ACTIVITY: Set down all of the entries below word for word, with the pictures left out.
◆ ◆ ◆ ◆ ◆ ◆ ◆
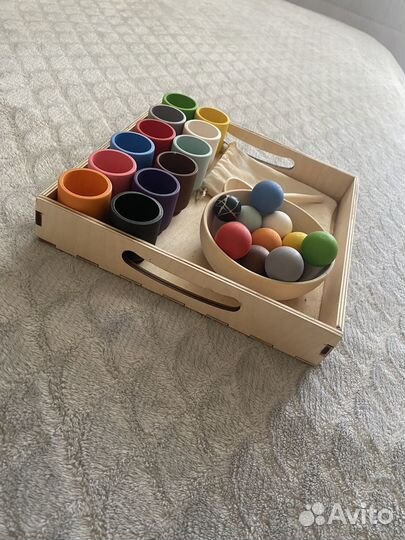 Деревянный сортер Ulanik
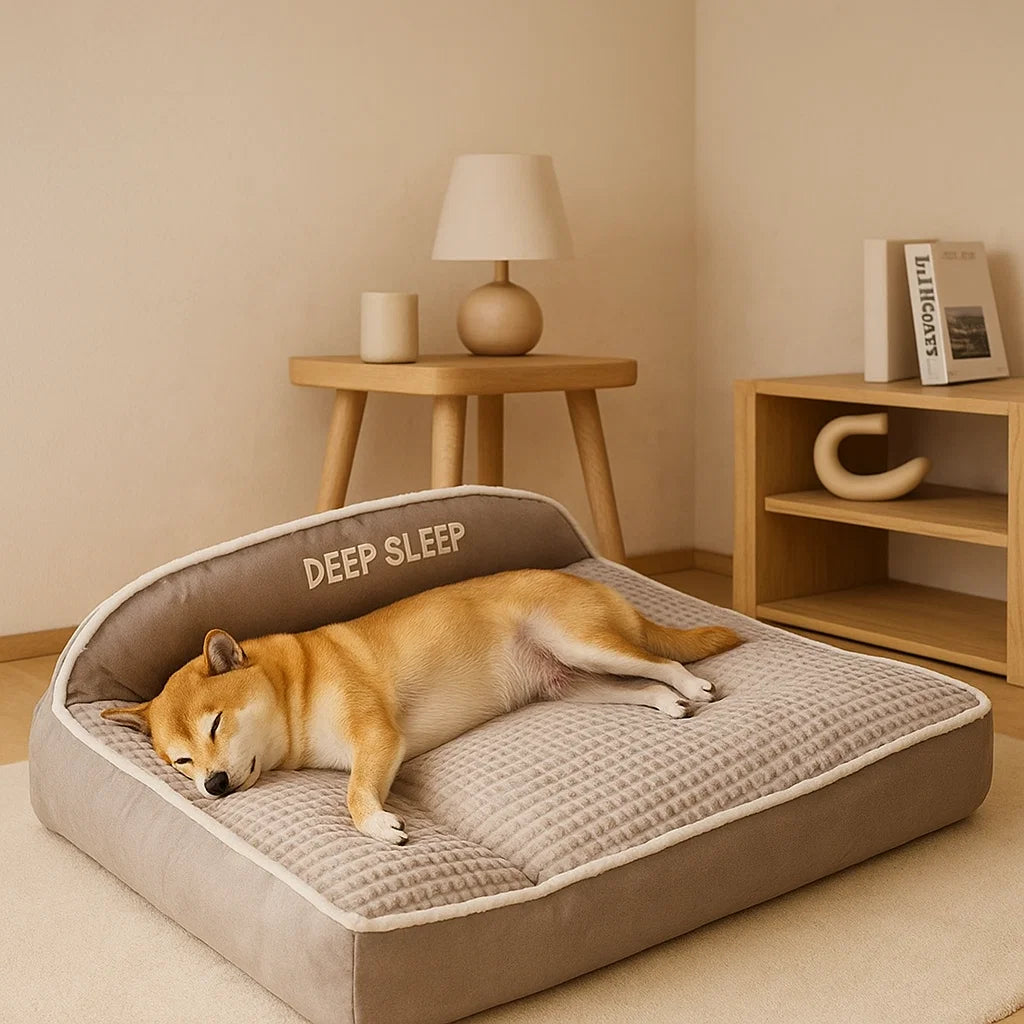 Honden Groot Wasbaar Orthopedisch Bed | Voor Grote Honden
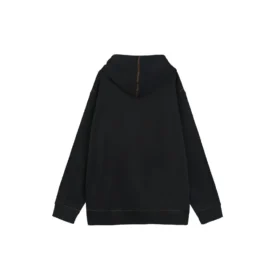 Bluza z kapturem Elevated „Czarny”
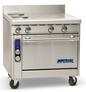Imperial IHR-2HT-2-E-C 36" Electric Heavy Duty Range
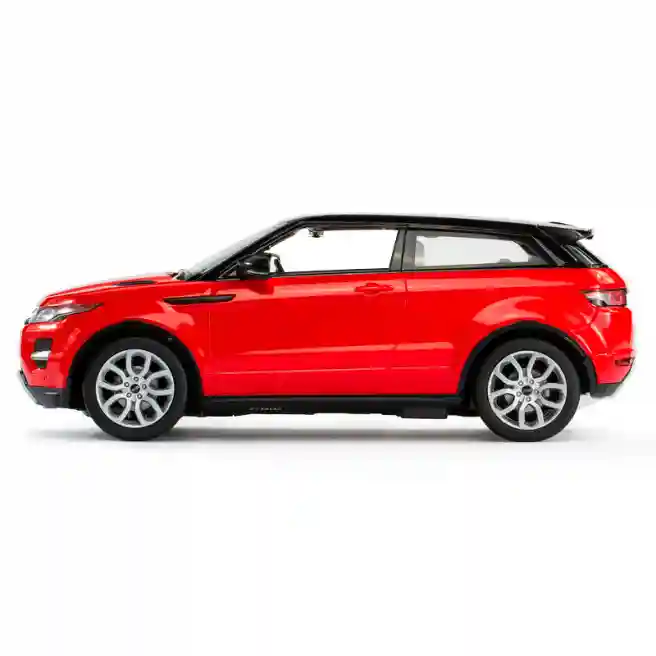 Masina cu telecomanda RASTAR 1:14 Range Rover Evoque (cu volan), 47900-8, neagra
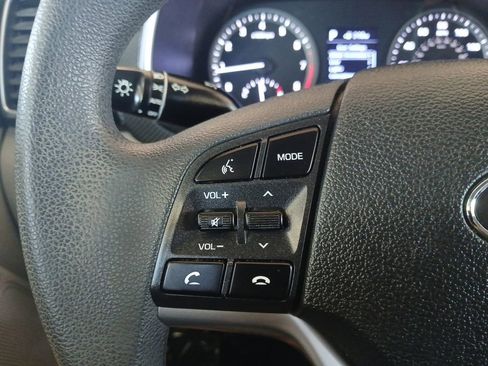 Used 2020 Hyundai Tucson SEL w/ Cargo Package FWD image 16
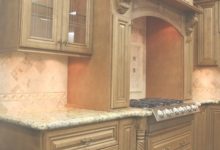 Toffee Kitchen Cabinets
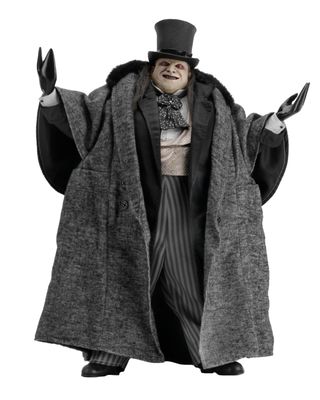 PRE-ORDER NECA Batman Returns - Mayoral Penguin (Devito) 1/4th Scale Figure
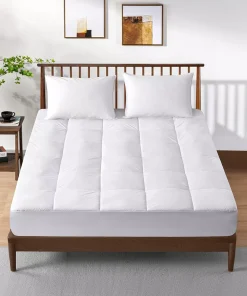 Unikome PCM Technology Cooling Mattress Pad, Twin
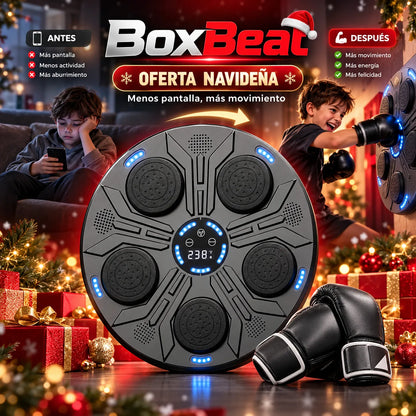 BoxBeat™ - El regalo que los hace levantarse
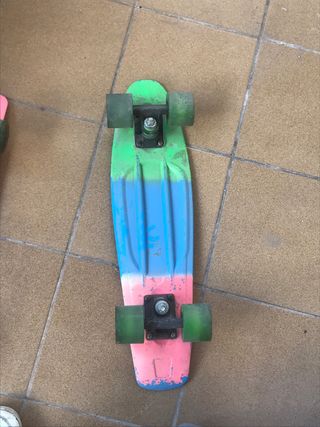 Patin skate 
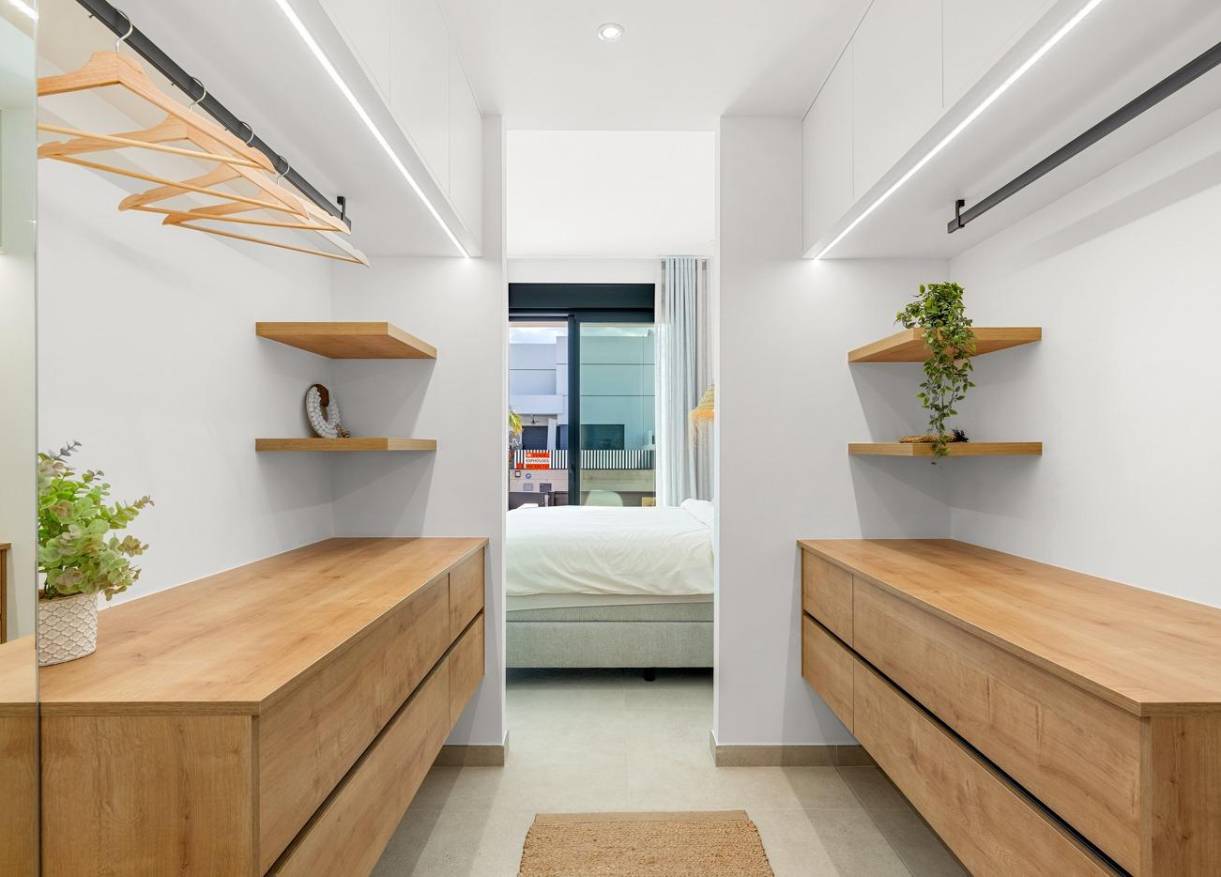 Nieuwbouw - Townhouse / Semi-detached - Dolores - Sector 3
◆ ◆ ◆ ◆ ◆ ◆ ◆
COMPLETED EXERCISE:
 Деревянный сортер Ulanik
 Honden Groot Wasbaar Orthopedisch Bed | Voor Grote Honden
 Bluza z kapturem Elevated „Czarny”
Imperial IHR-2HT-2-E-C 36" Electric Heavy Duty Range
 Masina cu telecomanda RASTAR 1:14 Range Rover Evoque (cu volan), 47900-8, neagra
 Used 2020 Hyundai Tucson SEL w/ Cargo Package FWD image 16
 Toffee Kitchen Cabinets
 PRE-ORDER NECA Batman Returns - Mayoral Penguin (Devito) 1/4th Scale Figure
 Unikome PCM Technology Cooling Mattress Pad, Twin
 BoxBeat™ - El regalo que los hace levantarse
 Patin skate 
 Nieuwbouw - Townhouse / Semi-detached - Dolores - Sector 3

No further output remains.